La femme… la crémation aurait lieu, mais l'urne funéraire serait enterrée quelque part dans les jardins, et vite oubliée. Grenat ne semblait déjà plus se souvenir d'elle. Le roi préférait vivre pleinement son mensonge et oublier qu'il avait eu une autre enfant – et la terrible tempête qui avait rejeté une barque dans le port d'Alexandrie n'avait jamais existé. D'ailleurs, elle aussi avait été brûlée, pour plus de sureté.
Sauf que Branet ne pouvait oublier ni l'une ni l'autre, ni son enfant morte, ni la femme (et Seigneur, quelle ressemblance avec sa propre fille, et avec certains portraits de la galerie royale. A croire que peut-être cette inconnue descendait elle aussi d'une quelconque branche de la famille royale…). Son époux pouvait peut-être, mais chaque rire de l'enfant vivante, chaque rire de Grenat, la laissait songer à ce petit secret, à ce gros mensonge, à ce squelette dissimulé dans la penderie.
Elle déposait des fleurs en souvenir.
Elle revenait voir les tombes pour ne pas oublier. Pour montrer à sa fille, sa vraie fille, son enfant biologique, qu'elle ne l'avait pas oubliée, qu'elle l'aimait toujours. Pour montrer à une inconnue qu'elle prenait toujours soin de son enfant, de sa fille adoptive.
Des pas derrières elle. Une petite toux.
-Votre Majesté ? Pardonnez-moi de troubler votre retraite, mais le roi vous fait mander…
Branet adresse à peine un regard à la femme qui parle. Béate, note-t-elle distraitement. C'est une femme remarquable. Elle ira sans doute très loin, et peut-être Branet s'aventurera-t-elle un jour à lui faire des confidences. Elle déplie soigneusement son éventail et se met à marcher vers le palais, la femme soldat (ne devrait-elle pas la nommer capitaine, en raison de ses dernières brillantes actions, en repoussant des monstres qui menaçaient les faubourgs de la ville ? Oui, elle devrait…) sur ses talons.
Branet rejoint ses obligations sans se plaindre. Elle est reine. Elle a l'habitude. Et sa place est avec les vivants. Pour l'instant.

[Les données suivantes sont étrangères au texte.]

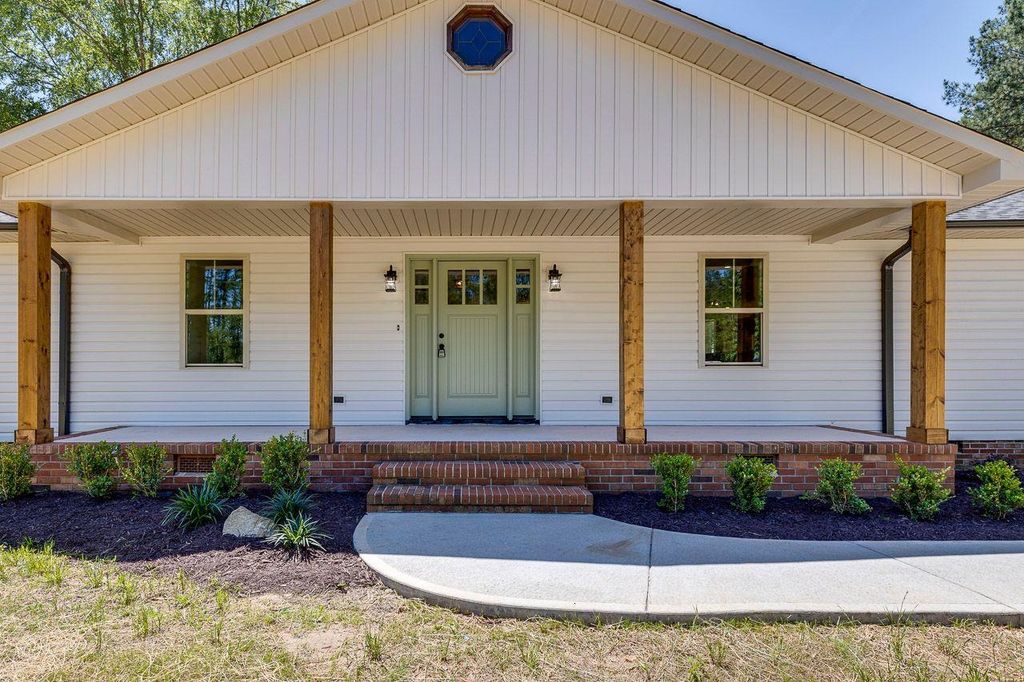 1041 Motlow School Road, Campobello, SC 29322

Sur les marches de palais, près de l'eau, il y a une enfant vêtue d'une jolie robe, ses cheveux noirs soigneusement attachés par des rubans. Elle a un livre sur les genoux, et elle sourit au monde, innocente, heureuse de vivre.
Grenat di Alexandros XVII est morte. Grenat di Alexandros XVII est en vie.
Les tombes anonymes du jardin du palais ne reçoivent plus d'autres visites que celles de Branet, qui s'espacent dans le temps au fur et à mesure que grandit Grenat.
Jusqu'à ce que plus personne ne vienne les voir du tout.
Bientôt, Branet mourra aussi. Alexandrie finira en ruine pour être rebâtie à nouveau. Plus personne ne saura qu'il y a un petit secret, un énorme mensonge, caché parmi les plantes.
Et le monde continuera à tourner, en dépit de tout.